June 5th 2015
New figures reveal that the numbers of alleged crimes being investigated by the police involving social media are substantially increasing.
The new report – released this morning by the Press Association – indicates that last year, 38 out of the UK’s 45 police forces reported a rise in the number of crime reports where Facebook was involved. 24 forces said they also received more crime reports which mentioned Twitter than in the previous year. The figures were obtained by the PA under a Freedom of Information request.
The thousands of complaints reported included allegations of sexual offences, threats to kill and harassment.
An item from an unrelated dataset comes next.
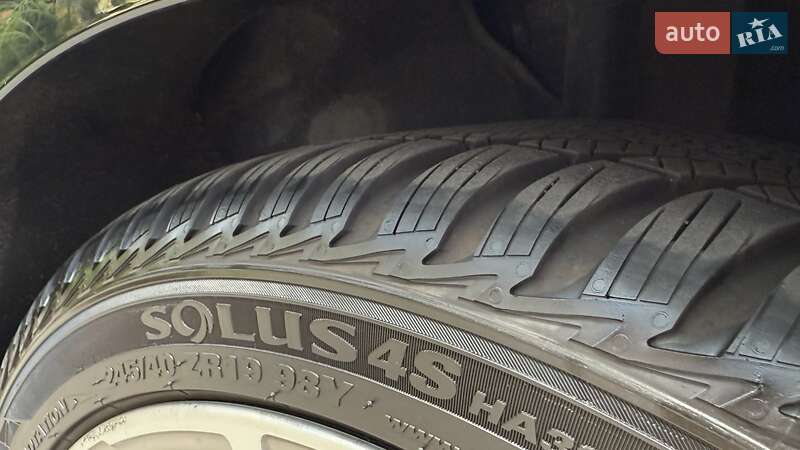 Седан BMW 5 Series 2017 в Львове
The National Police Chiefs' Council (NPCC) said police and internet providers had a "responsibility" to protect people online, while Facebook insisted it did not tolerate abusive behaviour and urged users to report illegal activity.
London’s Metropolitan Police – Britain’s largest force – received 1,207 crime reports which mentioned Facebook in 2014, up from 935 in 2013 and 997 in 2012. The force also revealed a sharp rise in crime reports including Twitter, from 105 in 2013 to 138 in 2014.
Greater Manchester Police said that Facebook appeared in 959 crime reports last year, up from 512 in 2013 and 451 in 2012. Last year's complaints included 371 allegations of harassment, 38 threats to kill and eight rape allegations involving girls under the age of 16.
Staffordshire Police reported a 40% rise in crime reports which mentioned Facebook after receiving 1,269 in 2014, including 326 complaints of harassment, 13 rape allegations involving girls under 16 and 38 threats to kill in 2014. Twitter appeared in 56 crime reports in 2014, up from 48 in 2013 and 25 in 2012, it was revealed. The force’s Detective Superintendent Scott Jones said: "Without trawling each crime it would be difficult to establish what context Facebook or Twitter played in each crime. However, it would be fair to say that like many other forces across the country we have seen an increase in offences online but the majority still go unreported."
The Police Service of Northern Ireland and South Wales Police are amongst others who reported a sharp increase. Police Scotland did not provide figures, putting this down to the cost of retrieving the information exceeding the limit set out under Freedom of Information laws.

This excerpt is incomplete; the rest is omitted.